Dated 1581, built for William Forbes of Corse. Partially ruined 4-storey, Z-plan castle with square tower to E and round tower to W. Mixture of yellow sandstone and granite random rubble walls with squared and tooled granite margins to openings and quoins. Corbelled projecting corner turrets and partial remains of crowstepped gable to E. Dated lintel and panel frames above main entrance to SE tower.
N (PRINCIPAL) ELEVATION: central hall to centre, base course only of exterior wall extant. Round tower abutting to NW corner base course only extant. Main wall returns to outer left abutting SE entrance tower.
(REAR) ELEVATION: rear wall of 3-bay central hall. Bay to left intact to 2nd floor height, large rectangular window opening to 1st floor. Advanced circular stair tower to centre bay, arrowloop fenestration, intact to eaves height.

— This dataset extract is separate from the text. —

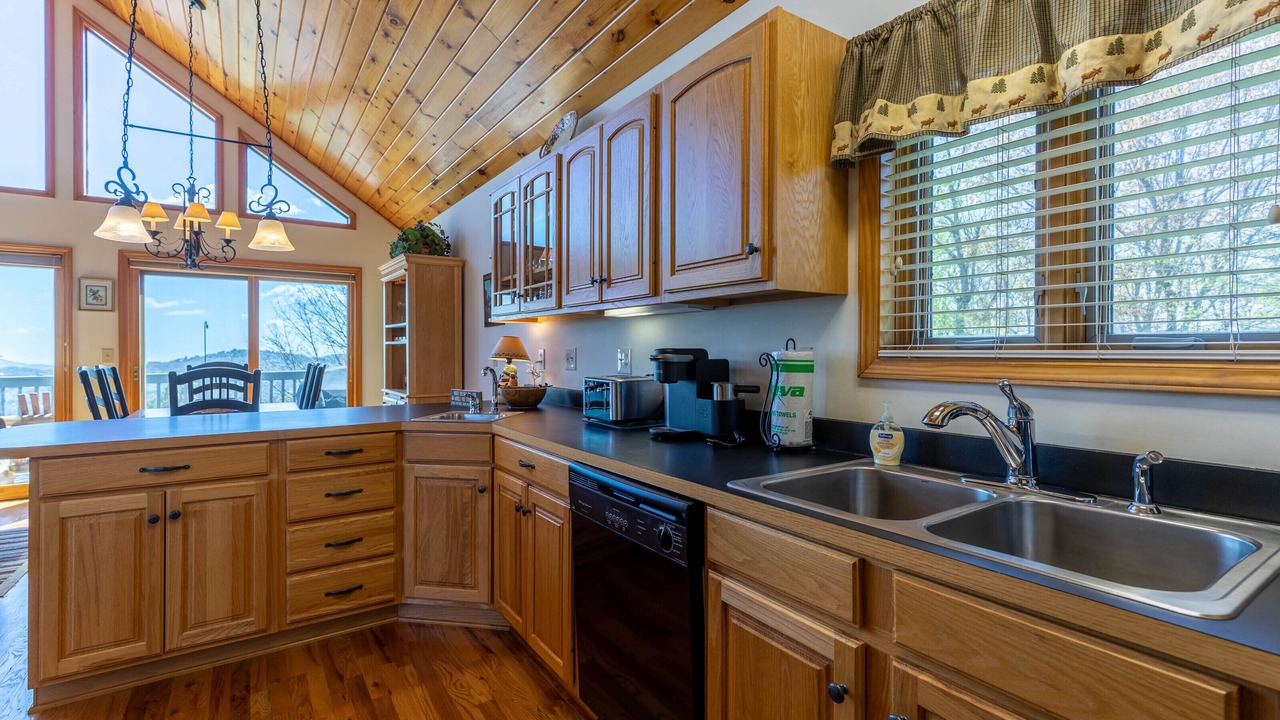 Photo of Kitchen in Blowing Rock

E (SIDE) ELEVATION: 2-broad bays, advanced SE square tower to left, E elevation of main hall to right. 4-storey tower walls terminating in corbelled corner turret,s intact to eaves course, with largely intact crowstepped gable to centre terminating in coped chimney stack. Irregular small window openings. Main entrance to right return; small rectangular door opening, chamfered margins, dated lintel inscribed 'WF 1581 SS [?]', cushion moulded frames to rectangular and larger ogee-arched panels above. Lower part of step-corbelled stair turret to re-entrant angle. E wall of hall to right intact to eaves height, corbelled corner turret to right, large rectangular window opening to 1st floor.
W (SIDE) ELEVATION: wall intact to eaves height, Small window openings to 1st and 2nd floor.
INTERIOR: window openings, doorways, fireplaces and wall plates for lost timber floors evident on walls within ruinous interior space.
Statement of Special Interest
Scheduled Ancient Monument. A remarkable survival of the compact 16th century, Scottish Z-plan castle. These relatively small scale castles, particularly well represented in Aberdeenshire, were the fortified homes of the minor aristocracy, regionally powerful landowner and successful merchant. As such they differ in function and design from the larger castles of the royal and political class, the need being for family comfort and security against a lawless country as opposed to the garrisoning and martialling of troops. Hence the single small entrance to the castle and absence of windows on the ground floor but provision of large, elegant windows to the 1st floor where the main hall was located. When the previous house was sacked by brigands in the early 16th century William Forbes of Corse vowed, "if God spares my life I shall build a house at which thieves shall knock ere they enter". One of William's sons later became Bishop Patrick Forbes of Aberdeen (1564-1635) who took over and completed nearby Craigievar Castle (see separate listing). The castle remains the property of the Forbes family.